**Data for review**:
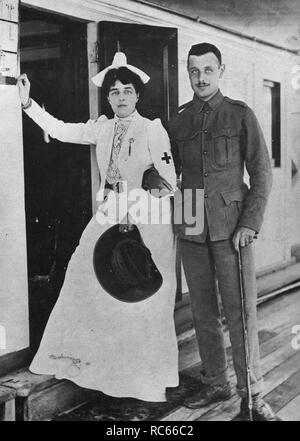 Winston Churchill's Bruder Jack Churchill, die von ihrer Mutter an Bord der Krankenhaus Schiff 'Maine' in Durban. Januar 1900 Stockfoto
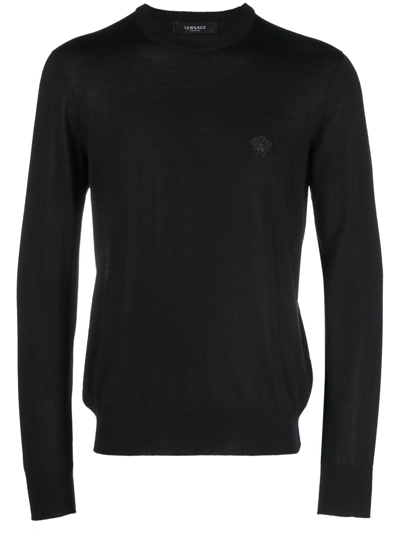 Versace Logo-embroidered Knitted Sweatshirt In Black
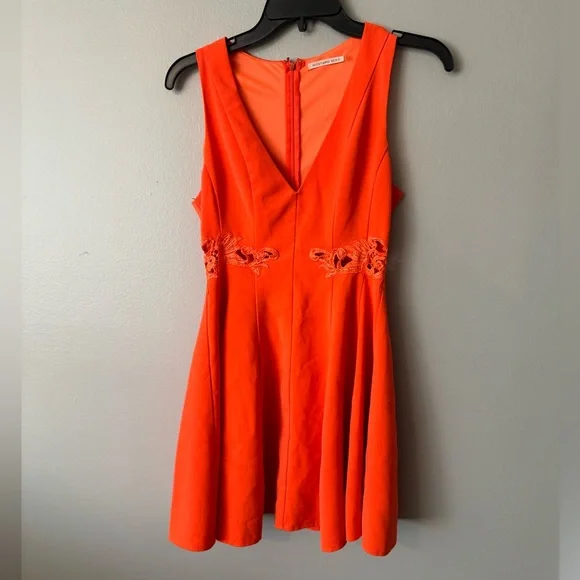 Mustard Seed Orange Lace Flowy Dress
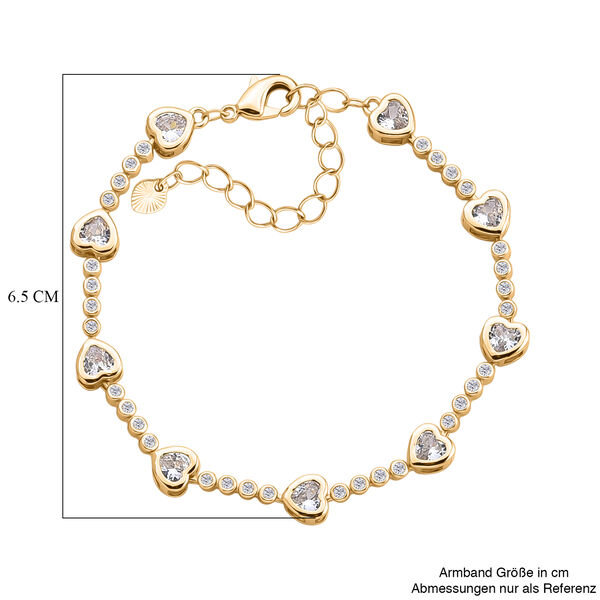 Wei&szlig;er Zirkonia Armband ca. 18.5 cm Nickelfreies Messing Standard image number 5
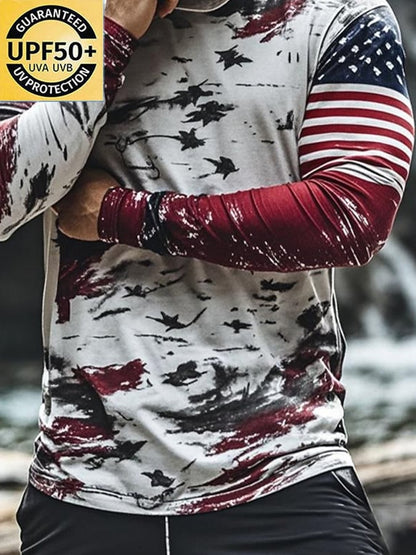 Men's Outdoor Sun Protection Cool Hooded Sun Protection Long Sleeve Top(Without mask)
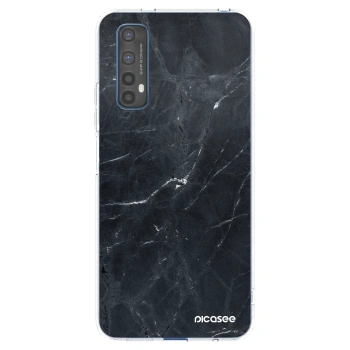 Picasee silikonska prozirna maskica za Realme 7 - Black marble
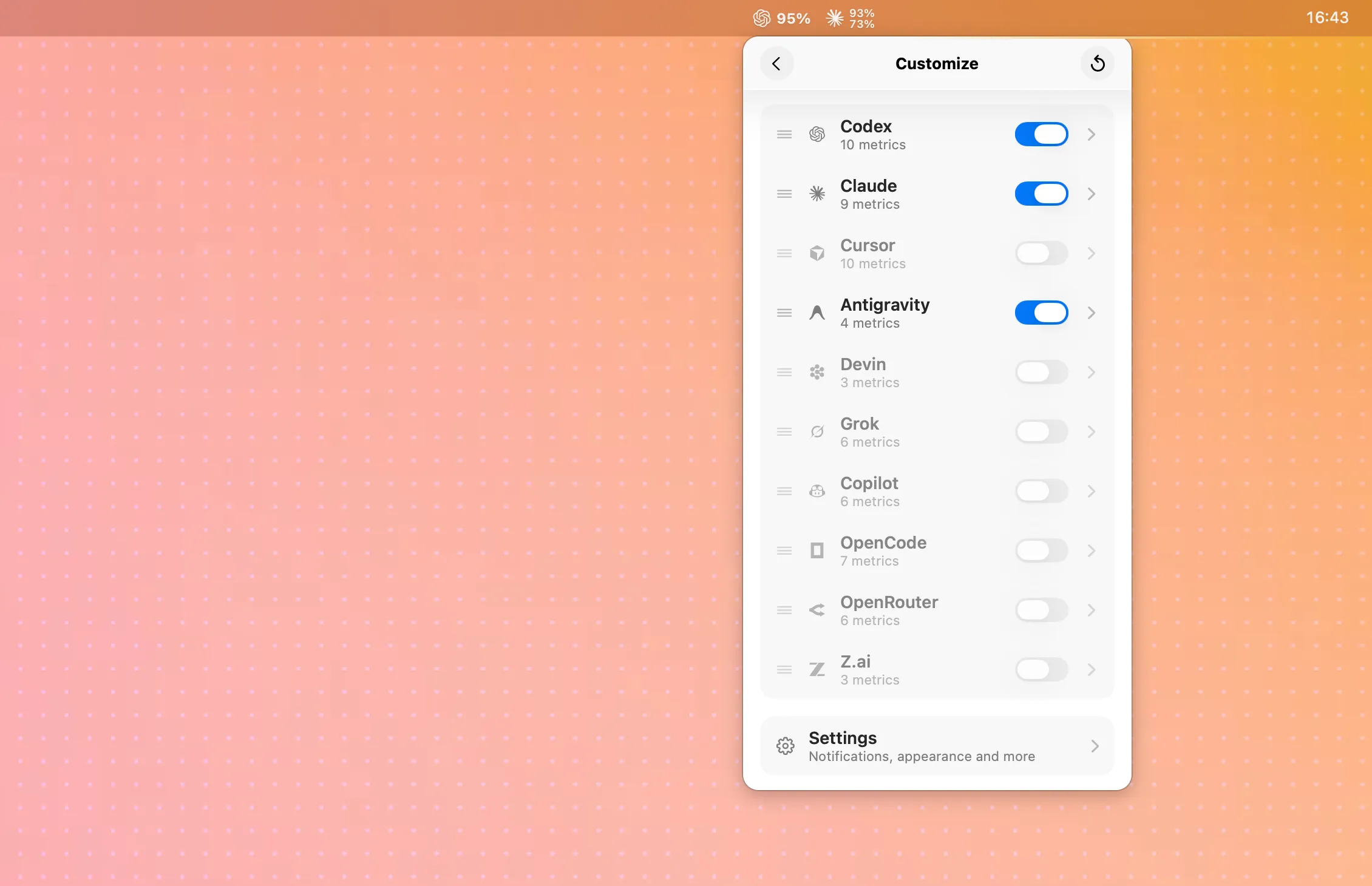 OpenUsage menu bar popover 列出 Claude, Codex, Cursor, Copilot, Devin, Grok, OpenRouter, Z.ai, and Antigravity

**Your instructions**:
Beginning with the line that has "Men's Outdoor Sun", repeat each remaining line of the data above word for word, keeping pictures out.

**Solution for this task**:
 Men's Outdoor Sun Protection Cool Hooded Sun Protection Long Sleeve Top(Without mask)
 Picasee silikonska prozirna maskica za Realme 7 - Black marble
 OpenUsage menu bar popover 列出 Claude, Codex, Cursor, Copilot, Devin, Grok, OpenRouter, Z.ai, and Antigravity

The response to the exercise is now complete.